Wow! That's a really great point of reference. I always knew text-based social media(ish) stuff should be "small", but I never had any idea if that meant a site like HN could store it's content in 1-2 TB, or if it was more like a few hundred gigs or what. To learn that it's really only tens of gigs is very surprising!

	▲	ndriscoll 2 hours ago \| parent \| next [-]
		Scraped reddit text archives (~23B items according to their corporate info page) are ~4 TB of compressed json, which includes metadata and not just the actual comment text.
	▲	osigurdson 3 hours ago \| parent \| prev [-]
		I suspect the text alone would be a lot smaller. Embeddings add a lot - 4K or more regardless of the size of the text.

▲

atonse 3 hours ago | parent | prev [-]

That’s crazy small. So is it fair to say that words are actually the best compression algorithm we have? You can explain complex ideas in just a few hundred words.
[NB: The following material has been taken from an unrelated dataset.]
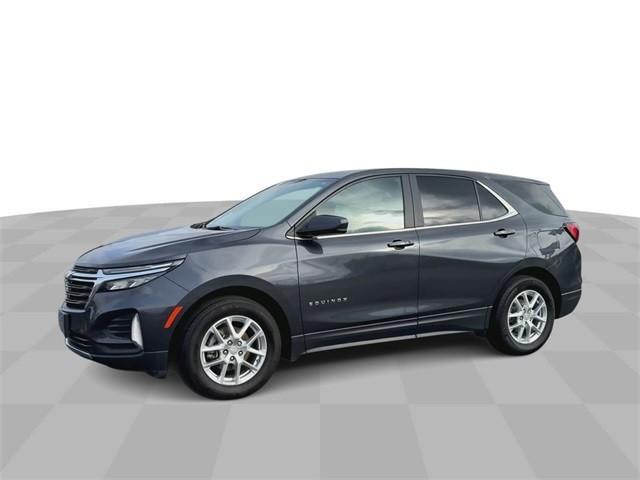 used 2022 Chevrolet Equinox car, priced at $19,500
Yes, a picture is worth a thousand words, but imagine how much information is in those 17GB of text.

▲

binary132 3 hours ago | parent | next [-]

I don’t think I would really consider it compression if it’s not very reversible. Whatever people “uncompress” from my words isn’t necessarily what I was imagining or thinking about when I encoded them. I guess it’s more like a symbolic shorthand for meaning which relies on the second party to build their own internal model out of their own (shared public interface, but internal implementation is relatively unique…) symbols.

▲

tiagod 36 minutes ago | parent [-]

It is compression, but it is lossy. Just like the digital counterparts like mp3 and jpeg, in some cases the final message can contain all the information you need.
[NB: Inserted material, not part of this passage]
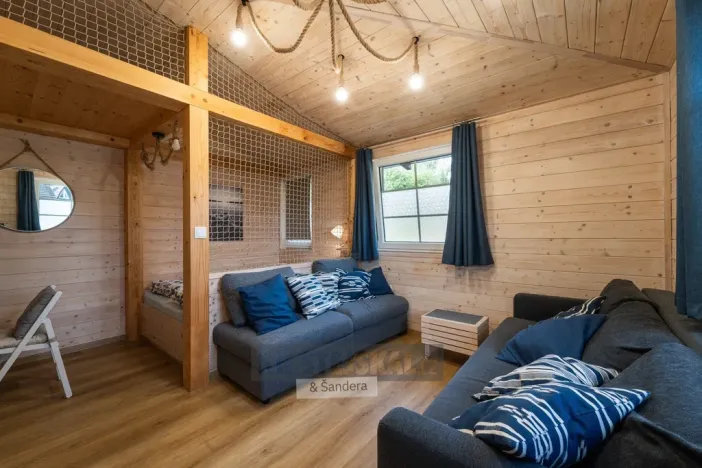 Prodej apartmánu, Lipno nad Vltavou - Slupečná, 95 m2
	▲	binary132 16 minutes ago \| parent [-]
		But what’s getting reproduced in your head when you read what I’ve written isn’t what’s in my head at all. You have your own entire context, associations, and language.

▲

_zoltan_ 3 hours ago | parent | prev [-]

how much?

▲

simlevesque 3 hours ago | parent | prev | next [-]

you'd be surprised. I have a lot of text data and Parquet files with brotli compression can achieve impressive file sizes.

Around 4 millions of web pages as markdown is like 1-2GB

▲

verdverm 4 hours ago | parent | prev | next [-]

based on the table they show, that would be my inclination

wanted to do this for my own upvotes so I can see the kind of things I like, or find them again easier or when relevant

▲

lazide 3 hours ago | parent | prev [-]

Compressed, pretty believable.